Considering the increased awareness of practitioners to the risk of premalignant change in white lesions, it is perhaps surprising, in our study, that there were few such lesions biopsied. Hyperkeratosis comprised nearly 10% (183) of mucosal diagnoses, while only 1.1% (20) of the mucosal lesions were dysplastic. Again, this is slightly different from the findings of Williams et al.,4 who found a gradual increase, over 20 years, in the number of biopsies of white patches (6.2% in 1994). This compares with our findings of around 2.0% in 1994. The explanation may simply be that in this region more practitioners refer patients for a biopsy rather than do it themselves.
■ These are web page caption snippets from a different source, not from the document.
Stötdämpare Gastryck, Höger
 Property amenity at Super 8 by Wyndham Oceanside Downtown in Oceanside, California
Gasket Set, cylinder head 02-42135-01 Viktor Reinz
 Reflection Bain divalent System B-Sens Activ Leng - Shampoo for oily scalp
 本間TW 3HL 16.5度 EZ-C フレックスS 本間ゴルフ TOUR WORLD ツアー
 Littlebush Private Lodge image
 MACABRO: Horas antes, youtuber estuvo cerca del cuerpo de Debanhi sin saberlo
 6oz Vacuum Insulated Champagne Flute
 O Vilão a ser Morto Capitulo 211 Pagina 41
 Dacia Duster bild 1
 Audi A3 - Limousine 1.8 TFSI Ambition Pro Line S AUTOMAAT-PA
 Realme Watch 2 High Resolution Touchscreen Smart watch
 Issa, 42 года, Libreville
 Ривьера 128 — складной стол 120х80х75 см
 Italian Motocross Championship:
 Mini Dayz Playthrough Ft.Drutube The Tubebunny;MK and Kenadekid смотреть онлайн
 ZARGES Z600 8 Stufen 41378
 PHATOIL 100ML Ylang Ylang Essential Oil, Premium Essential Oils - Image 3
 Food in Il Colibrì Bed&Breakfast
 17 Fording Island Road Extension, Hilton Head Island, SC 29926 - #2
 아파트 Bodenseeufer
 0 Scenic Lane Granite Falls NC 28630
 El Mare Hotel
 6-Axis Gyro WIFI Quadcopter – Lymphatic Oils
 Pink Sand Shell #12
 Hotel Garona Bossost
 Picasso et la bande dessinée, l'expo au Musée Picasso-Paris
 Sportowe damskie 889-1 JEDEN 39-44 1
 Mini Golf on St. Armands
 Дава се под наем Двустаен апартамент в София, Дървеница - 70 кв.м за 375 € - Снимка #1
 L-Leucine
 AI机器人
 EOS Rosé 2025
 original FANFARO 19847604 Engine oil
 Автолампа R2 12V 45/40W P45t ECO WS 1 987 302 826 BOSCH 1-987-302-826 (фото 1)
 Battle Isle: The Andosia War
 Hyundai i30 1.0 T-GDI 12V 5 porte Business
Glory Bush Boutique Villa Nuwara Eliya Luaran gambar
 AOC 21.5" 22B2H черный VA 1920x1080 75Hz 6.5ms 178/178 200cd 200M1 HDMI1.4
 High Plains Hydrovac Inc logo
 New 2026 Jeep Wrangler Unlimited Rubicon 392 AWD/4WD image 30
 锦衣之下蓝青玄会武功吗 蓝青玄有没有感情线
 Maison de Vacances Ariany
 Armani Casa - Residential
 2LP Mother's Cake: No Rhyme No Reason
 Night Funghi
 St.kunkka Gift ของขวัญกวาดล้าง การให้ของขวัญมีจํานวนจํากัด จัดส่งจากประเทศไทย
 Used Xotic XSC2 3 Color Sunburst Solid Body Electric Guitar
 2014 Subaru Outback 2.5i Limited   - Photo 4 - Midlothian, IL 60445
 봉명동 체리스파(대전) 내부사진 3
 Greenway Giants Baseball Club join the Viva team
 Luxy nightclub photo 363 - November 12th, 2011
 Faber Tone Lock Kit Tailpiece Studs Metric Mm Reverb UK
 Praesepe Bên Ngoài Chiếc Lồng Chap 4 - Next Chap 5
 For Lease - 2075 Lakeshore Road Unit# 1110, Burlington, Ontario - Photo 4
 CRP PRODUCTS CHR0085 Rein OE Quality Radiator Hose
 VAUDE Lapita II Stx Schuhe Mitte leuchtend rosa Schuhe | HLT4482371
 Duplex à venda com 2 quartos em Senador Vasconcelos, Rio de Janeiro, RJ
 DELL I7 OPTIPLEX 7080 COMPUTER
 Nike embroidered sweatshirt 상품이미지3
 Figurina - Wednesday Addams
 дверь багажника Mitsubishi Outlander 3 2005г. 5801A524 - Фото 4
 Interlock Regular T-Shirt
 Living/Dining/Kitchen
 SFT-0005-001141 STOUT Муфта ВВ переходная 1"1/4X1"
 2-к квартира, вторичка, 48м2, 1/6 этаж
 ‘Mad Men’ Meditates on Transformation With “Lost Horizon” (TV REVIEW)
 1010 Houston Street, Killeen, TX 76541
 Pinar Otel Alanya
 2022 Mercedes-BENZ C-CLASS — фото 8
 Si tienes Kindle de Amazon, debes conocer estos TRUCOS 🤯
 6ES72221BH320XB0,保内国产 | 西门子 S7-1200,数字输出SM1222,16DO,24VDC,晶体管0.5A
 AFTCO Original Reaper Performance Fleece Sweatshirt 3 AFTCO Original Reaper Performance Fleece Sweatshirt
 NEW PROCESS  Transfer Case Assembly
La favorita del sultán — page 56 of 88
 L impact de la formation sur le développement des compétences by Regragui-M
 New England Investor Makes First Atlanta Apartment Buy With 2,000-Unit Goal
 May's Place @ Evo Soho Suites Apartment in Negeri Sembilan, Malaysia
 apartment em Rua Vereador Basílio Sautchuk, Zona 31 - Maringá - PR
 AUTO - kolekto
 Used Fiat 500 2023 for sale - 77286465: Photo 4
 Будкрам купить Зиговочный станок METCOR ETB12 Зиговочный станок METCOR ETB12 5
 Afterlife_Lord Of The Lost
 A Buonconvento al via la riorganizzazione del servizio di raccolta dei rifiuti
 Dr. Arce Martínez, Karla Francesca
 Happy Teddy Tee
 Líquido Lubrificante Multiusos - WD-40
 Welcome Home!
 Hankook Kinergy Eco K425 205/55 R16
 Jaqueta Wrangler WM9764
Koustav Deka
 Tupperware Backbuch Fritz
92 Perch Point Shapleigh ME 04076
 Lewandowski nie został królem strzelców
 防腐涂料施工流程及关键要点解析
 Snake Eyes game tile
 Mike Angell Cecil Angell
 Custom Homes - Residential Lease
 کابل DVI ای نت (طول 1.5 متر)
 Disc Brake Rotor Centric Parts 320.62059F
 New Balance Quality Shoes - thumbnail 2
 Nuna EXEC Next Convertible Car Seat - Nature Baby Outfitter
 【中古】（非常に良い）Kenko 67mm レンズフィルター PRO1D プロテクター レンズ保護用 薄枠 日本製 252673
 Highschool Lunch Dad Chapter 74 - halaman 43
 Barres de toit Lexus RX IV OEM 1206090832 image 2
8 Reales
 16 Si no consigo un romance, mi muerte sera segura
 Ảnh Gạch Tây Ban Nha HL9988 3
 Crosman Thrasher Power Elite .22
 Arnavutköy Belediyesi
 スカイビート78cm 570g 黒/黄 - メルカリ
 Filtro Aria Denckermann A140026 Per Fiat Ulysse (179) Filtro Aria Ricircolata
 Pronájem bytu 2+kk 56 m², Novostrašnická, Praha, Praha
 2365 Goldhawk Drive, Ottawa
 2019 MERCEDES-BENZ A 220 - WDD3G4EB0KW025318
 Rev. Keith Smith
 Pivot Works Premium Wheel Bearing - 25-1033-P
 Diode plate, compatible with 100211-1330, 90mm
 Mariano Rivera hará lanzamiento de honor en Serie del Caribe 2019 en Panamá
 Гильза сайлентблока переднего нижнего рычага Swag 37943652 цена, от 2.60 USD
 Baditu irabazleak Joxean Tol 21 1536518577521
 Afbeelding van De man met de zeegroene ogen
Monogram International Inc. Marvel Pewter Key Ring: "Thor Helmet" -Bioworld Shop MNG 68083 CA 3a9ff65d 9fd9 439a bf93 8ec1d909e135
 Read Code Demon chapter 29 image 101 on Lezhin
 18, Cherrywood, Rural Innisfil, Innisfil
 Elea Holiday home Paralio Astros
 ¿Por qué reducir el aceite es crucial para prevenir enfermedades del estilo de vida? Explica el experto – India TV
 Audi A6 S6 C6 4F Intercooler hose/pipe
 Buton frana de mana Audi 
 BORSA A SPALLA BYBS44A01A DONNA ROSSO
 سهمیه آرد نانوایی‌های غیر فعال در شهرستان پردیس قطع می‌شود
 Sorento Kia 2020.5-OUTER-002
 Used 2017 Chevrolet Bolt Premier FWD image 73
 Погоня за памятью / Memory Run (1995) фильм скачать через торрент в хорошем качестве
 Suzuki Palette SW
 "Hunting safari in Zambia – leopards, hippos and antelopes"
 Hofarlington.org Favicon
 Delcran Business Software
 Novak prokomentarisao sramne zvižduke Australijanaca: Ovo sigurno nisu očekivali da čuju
However, we cannot exclude the possibility that such lesions are more common in the West Midlands region. In future, it is possible that specialists in surgical dentistry may take a different approach. The frequency of squamous cell carcinoma is likely to be grossly underestimated due to the immediate referral of suspicious lesions to local departments of oral and maxillofacial surgery. An unusual finding was the single case of a deposit of metastatic breast tumour in a male patient previously reported by one of us8 and a case of non Hodgkin's lymphoma which were submitted as periapical granulomas. The discovery of unsuspected pathology in specimens reinforces the importance and need to submit all surgically removed tissue for histological diagnosis.

It is clear that the small number of GDPs who regularly submit specimens to us diagnose much significant pathology. In 1984, about 11% (117) of our specimens were provided by general dental practitioners. Until 1990, this figure had been relatively stable, but from 1991 there has been a gradual increase and, in 2003, the figure was just over 17% (370). This may reflect the increased encouragement we have given to recent graduates to send in their material. Also, changes in undergraduate teaching in oral and maxillofacial surgery as well as specific postgraduate courses in oral surgery for general dental practitioners may have helped to bring about this increase. As has happened in Sheffield, it is likely that as the number of specialists or dentists with a special interest in surgical dentistry increases, there will be a further increase in the number of specimens submitted by these groups of practitioners. However, there are many practitioners who do not submit pathological material for diagnosis. For example, allowing for the few dentists outside the SY/EM region who send us specimens, we estimate that about 85% of the 1,800 dentists in the region do not send any material to us. It is difficult to understand why more practitioners apparently do not submit specimens for histopathological examination. It may be important for medico-legal reasons that all tissue removed from patients should be submitted for histological examination. Of course, it is not known whether they send material to other laboratories either of general or oral pathology.

GDPs have suggested the current NHS biopsy fee requires revision, while hospital surgeons have suggested this fee is too low and hence discourages GDPs from undertaking biopsy samples.1 In the new UK NHS contract for primary care dental practitioners, there will be no fee provided for submitting a specimen as such work is already built into the contract. However, this should not be seen as a disincentive to GDPs since from a clinical governance and patient care perspective, obtaining a histopathological report on surgically removed tissue is essential. Furthermore, in the past, GDPs were not charged for the pathology service;9 with the new contract, there is no reason why primary care trusts should not be charged.

Conclusion

It is clear that GDPs have provided an increased number of biopsy specimens over the last three decades and their use of a diagnostic histopathology service should be encouraged. Although the vast majority of such lesions will be innocuous, occasionally important diagnoses are made. Specimens submitted by specialist and general dental practitioners provide a valuable resource for teaching and research in departments such as ours, as well as useful clinical audit and research material for practitioners. In addition specimens sent through the mail must, of course, comply with postal regulations and oral pathology departments will provide advice on the sending of such specimens, together with specimen bottles, fixative and request forms.